### About this exercise
Pull out every line below that holds the word "Skin".

Records from a collection:
┌──

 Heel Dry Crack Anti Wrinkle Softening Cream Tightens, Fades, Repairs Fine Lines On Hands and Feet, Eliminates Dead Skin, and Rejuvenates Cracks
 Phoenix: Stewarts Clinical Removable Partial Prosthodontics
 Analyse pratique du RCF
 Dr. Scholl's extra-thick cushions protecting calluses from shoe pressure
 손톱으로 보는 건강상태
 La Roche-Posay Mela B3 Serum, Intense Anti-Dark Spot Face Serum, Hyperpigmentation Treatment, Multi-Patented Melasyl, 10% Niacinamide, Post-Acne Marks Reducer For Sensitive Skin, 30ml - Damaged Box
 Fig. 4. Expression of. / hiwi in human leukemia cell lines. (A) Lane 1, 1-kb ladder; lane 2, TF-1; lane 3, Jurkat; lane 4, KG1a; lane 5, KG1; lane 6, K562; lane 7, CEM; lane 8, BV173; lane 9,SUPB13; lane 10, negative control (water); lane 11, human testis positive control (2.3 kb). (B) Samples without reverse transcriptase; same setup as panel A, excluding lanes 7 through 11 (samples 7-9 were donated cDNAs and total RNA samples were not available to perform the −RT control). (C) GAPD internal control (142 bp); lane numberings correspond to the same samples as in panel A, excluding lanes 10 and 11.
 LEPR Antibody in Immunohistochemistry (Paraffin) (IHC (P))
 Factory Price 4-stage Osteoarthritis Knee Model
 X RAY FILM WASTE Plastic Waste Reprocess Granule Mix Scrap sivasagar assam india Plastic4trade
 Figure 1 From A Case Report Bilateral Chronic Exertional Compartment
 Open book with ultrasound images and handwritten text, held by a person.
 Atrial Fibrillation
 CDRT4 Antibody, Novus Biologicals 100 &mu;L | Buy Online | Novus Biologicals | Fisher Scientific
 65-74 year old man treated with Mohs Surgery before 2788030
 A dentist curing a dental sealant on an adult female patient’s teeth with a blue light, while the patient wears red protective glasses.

└──

### Written reply
 Heel Dry Crack Anti Wrinkle Softening Cream Tightens, Fades, Repairs Fine Lines On Hands and Feet, Eliminates Dead Skin, and Rejuvenates Cracks
 La Roche-Posay Mela B3 Serum, Intense Anti-Dark Spot Face Serum, Hyperpigmentation Treatment, Multi-Patented Melasyl, 10% Niacinamide, Post-Acne Marks Reducer For Sensitive Skin, 30ml - Damaged Box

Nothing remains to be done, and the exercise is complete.